§ What you will do: Before writing anything, find the line that contains "Marriott Executive Apartments, Bangkok", then retype the entries below exactly from their first line through that one, without pictures.

§ Supplied material:
..........
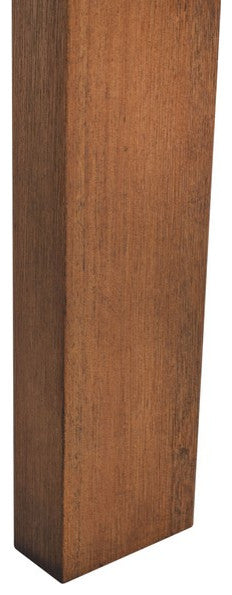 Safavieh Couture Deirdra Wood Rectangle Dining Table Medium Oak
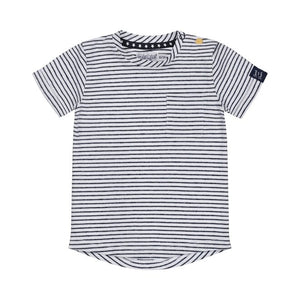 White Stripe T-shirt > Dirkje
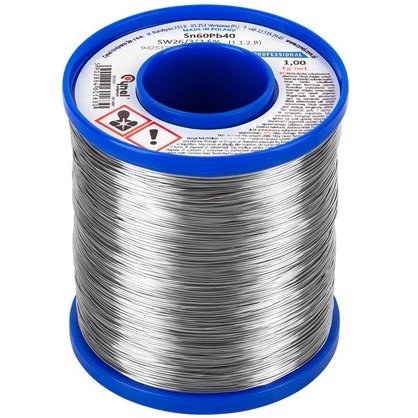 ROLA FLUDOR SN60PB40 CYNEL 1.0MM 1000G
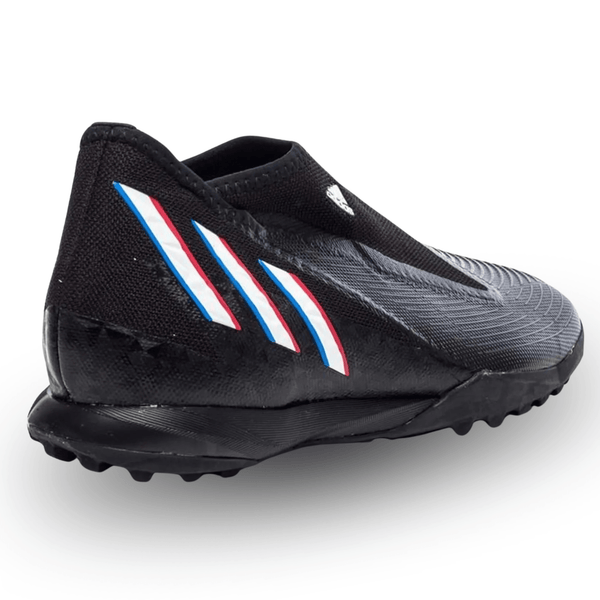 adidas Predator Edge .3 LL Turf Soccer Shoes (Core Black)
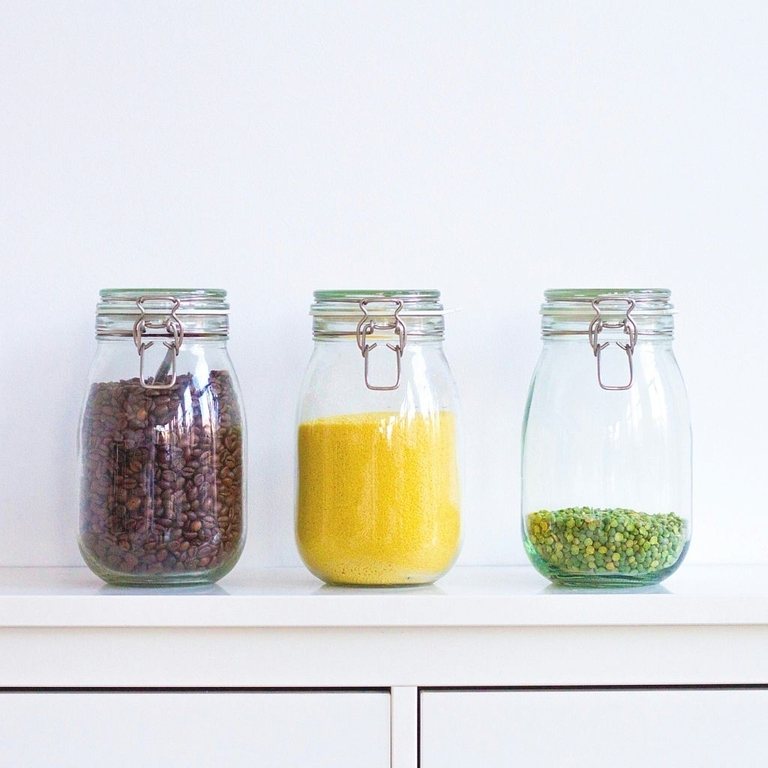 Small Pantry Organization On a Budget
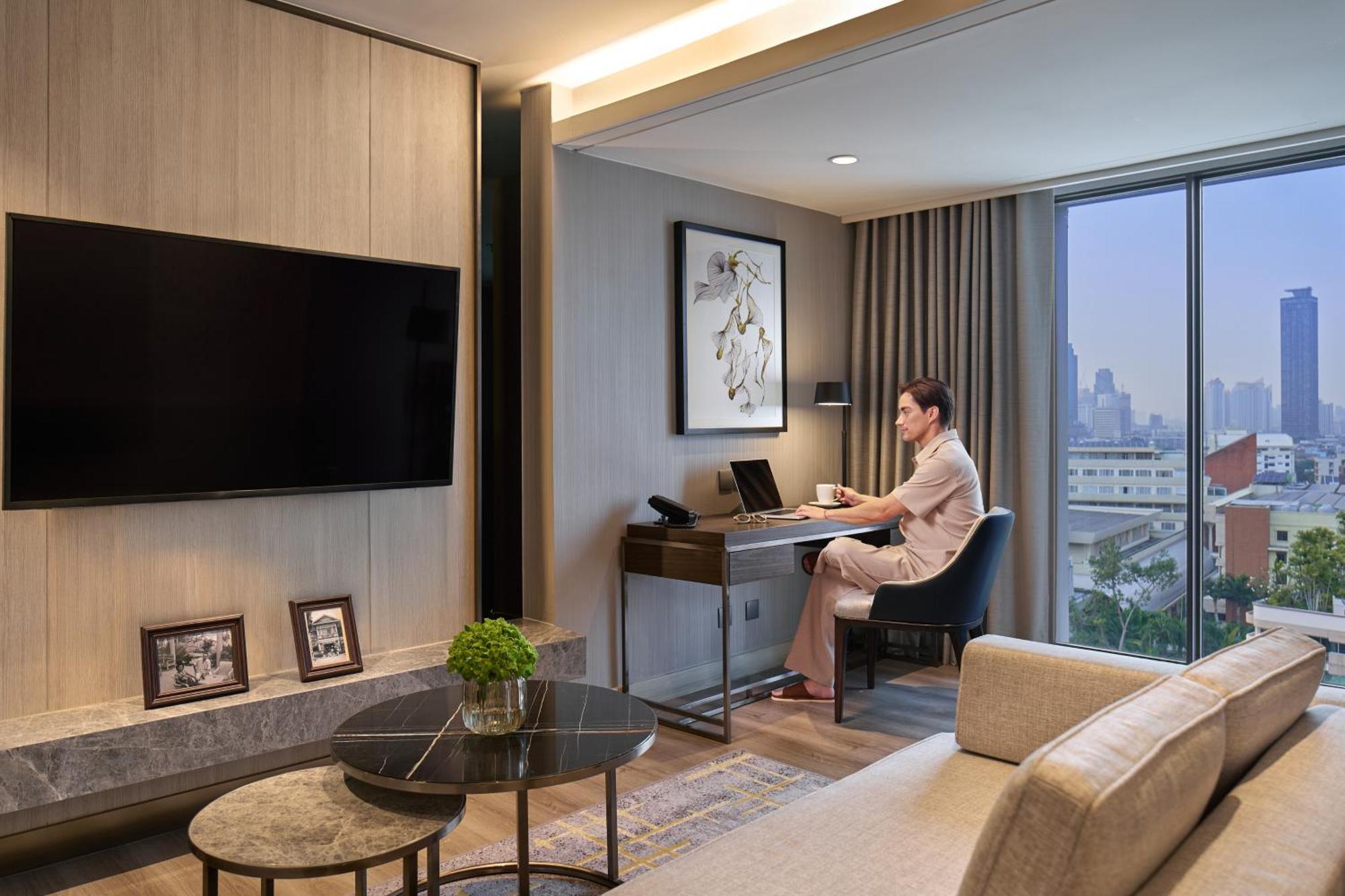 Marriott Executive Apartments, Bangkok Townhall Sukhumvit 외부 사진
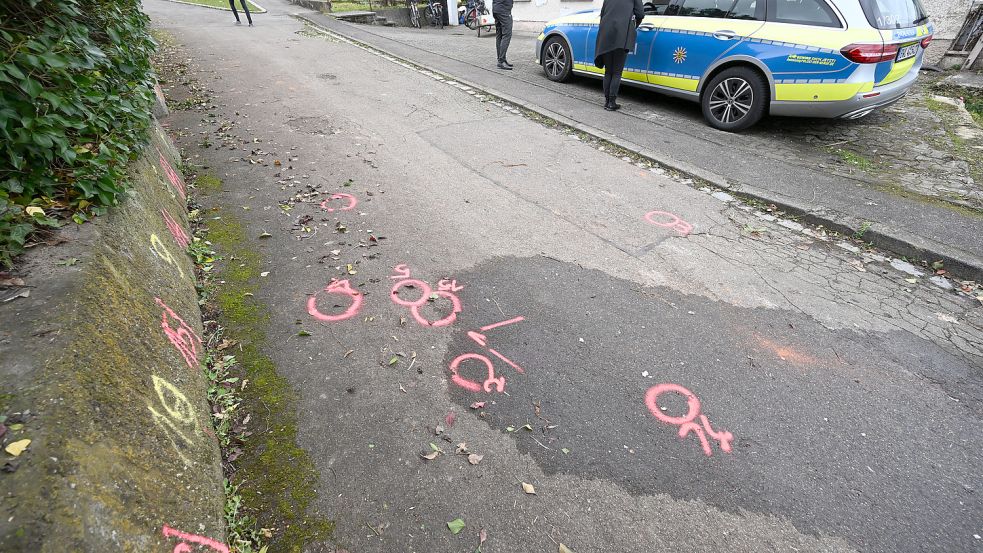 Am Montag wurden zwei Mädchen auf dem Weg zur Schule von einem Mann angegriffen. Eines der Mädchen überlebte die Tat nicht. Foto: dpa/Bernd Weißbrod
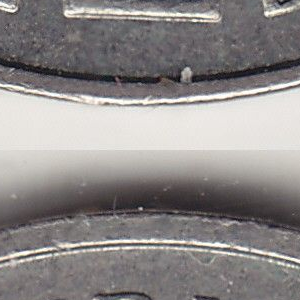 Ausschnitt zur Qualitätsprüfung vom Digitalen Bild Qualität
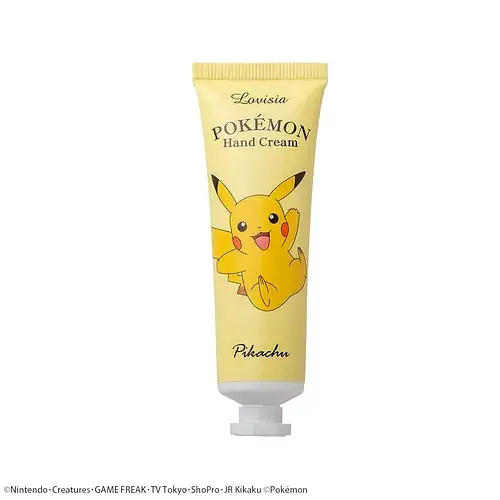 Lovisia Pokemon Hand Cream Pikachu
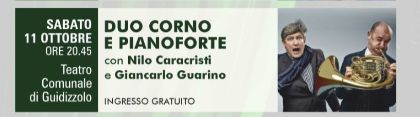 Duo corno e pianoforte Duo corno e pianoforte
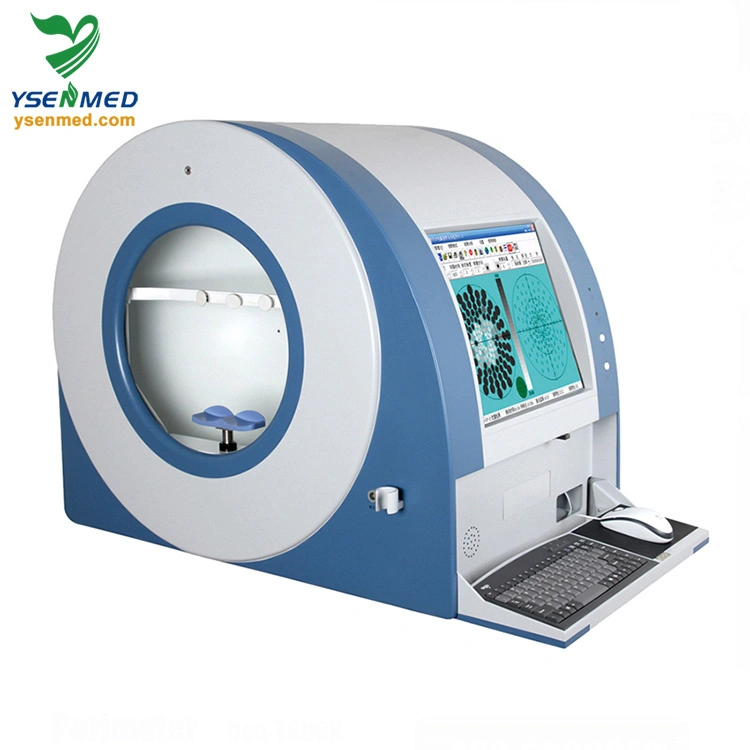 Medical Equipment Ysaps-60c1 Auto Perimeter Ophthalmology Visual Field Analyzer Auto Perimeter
..........
§ Answer to this exercise:
 Safavieh Couture Deirdra Wood Rectangle Dining Table Medium Oak
 White Stripe T-shirt > Dirkje
 ROLA FLUDOR SN60PB40 CYNEL 1.0MM 1000G
 adidas Predator Edge .3 LL Turf Soccer Shoes (Core Black)
 Small Pantry Organization On a Budget
 Marriott Executive Apartments, Bangkok Townhall Sukhumvit 외부 사진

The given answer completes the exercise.